## SOURCE DATA
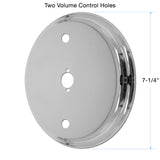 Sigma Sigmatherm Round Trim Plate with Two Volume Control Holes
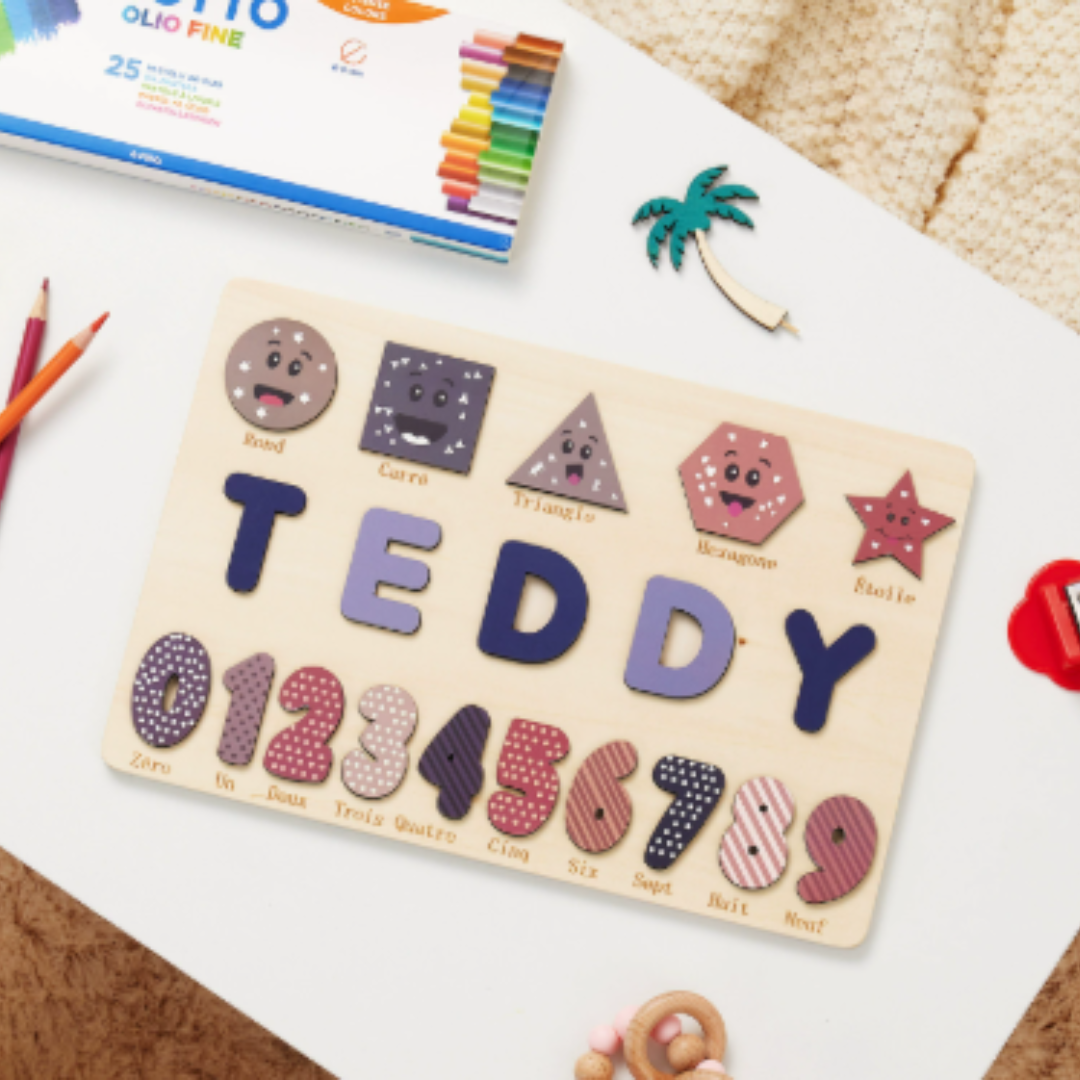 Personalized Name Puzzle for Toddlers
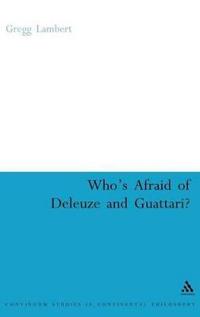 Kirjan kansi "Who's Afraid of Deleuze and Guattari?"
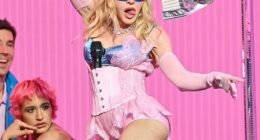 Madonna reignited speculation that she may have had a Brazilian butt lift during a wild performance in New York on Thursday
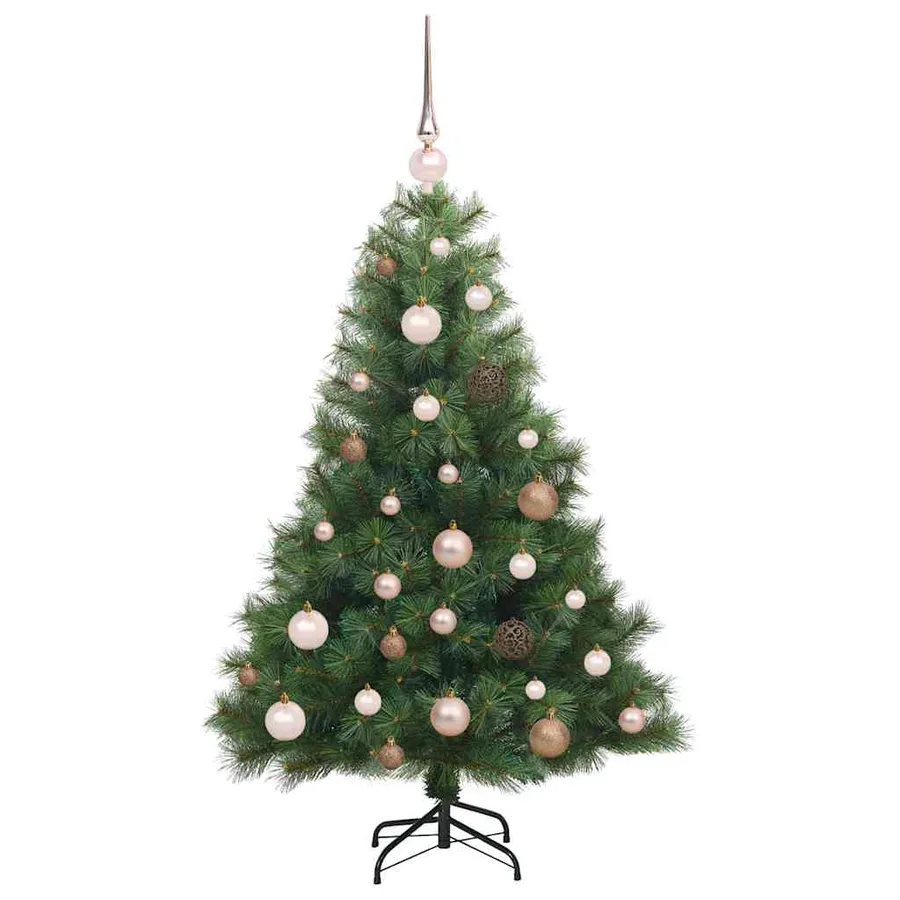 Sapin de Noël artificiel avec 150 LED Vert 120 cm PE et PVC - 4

## EXERCISE AIM
Beginning with the line that contains "Madonna reignited speculation" and ending with the last line of the data above, output those lines exactly and nothing more, without any pictures.

## RESPONSE TO THE TASK
 Madonna reignited speculation that she may have had a Brazilian butt lift during a wild performance in New York on Thursday
 Sapin de Noël artificiel avec 150 LED Vert 120 cm PE et PVC - 4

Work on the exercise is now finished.